Your instructions: From the records that follow, copy every line that contains the word "sitting".

(Stored items from a collection)
============================================================
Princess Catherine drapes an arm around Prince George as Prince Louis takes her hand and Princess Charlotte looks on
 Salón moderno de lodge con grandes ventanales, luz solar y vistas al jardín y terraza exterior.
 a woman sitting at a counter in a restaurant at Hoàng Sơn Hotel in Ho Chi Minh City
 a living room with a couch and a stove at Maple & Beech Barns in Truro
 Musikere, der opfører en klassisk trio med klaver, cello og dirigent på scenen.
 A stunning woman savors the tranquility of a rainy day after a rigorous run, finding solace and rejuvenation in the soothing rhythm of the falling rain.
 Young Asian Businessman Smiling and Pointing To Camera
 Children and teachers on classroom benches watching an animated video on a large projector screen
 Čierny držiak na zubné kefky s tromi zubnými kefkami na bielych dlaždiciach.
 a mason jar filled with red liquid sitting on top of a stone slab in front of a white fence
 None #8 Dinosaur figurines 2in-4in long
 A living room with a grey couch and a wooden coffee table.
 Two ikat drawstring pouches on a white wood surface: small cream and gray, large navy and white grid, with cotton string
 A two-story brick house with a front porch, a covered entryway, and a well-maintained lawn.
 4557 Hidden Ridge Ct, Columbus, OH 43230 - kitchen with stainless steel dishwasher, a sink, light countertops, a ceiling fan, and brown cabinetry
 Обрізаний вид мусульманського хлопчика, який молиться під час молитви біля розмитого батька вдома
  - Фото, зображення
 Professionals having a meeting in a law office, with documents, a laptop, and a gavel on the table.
============================================================
Written answer:
 a woman sitting at a counter in a restaurant at Hoàng Sơn Hotel in Ho Chi Minh City
 a mason jar filled with red liquid sitting on top of a stone slab in front of a white fence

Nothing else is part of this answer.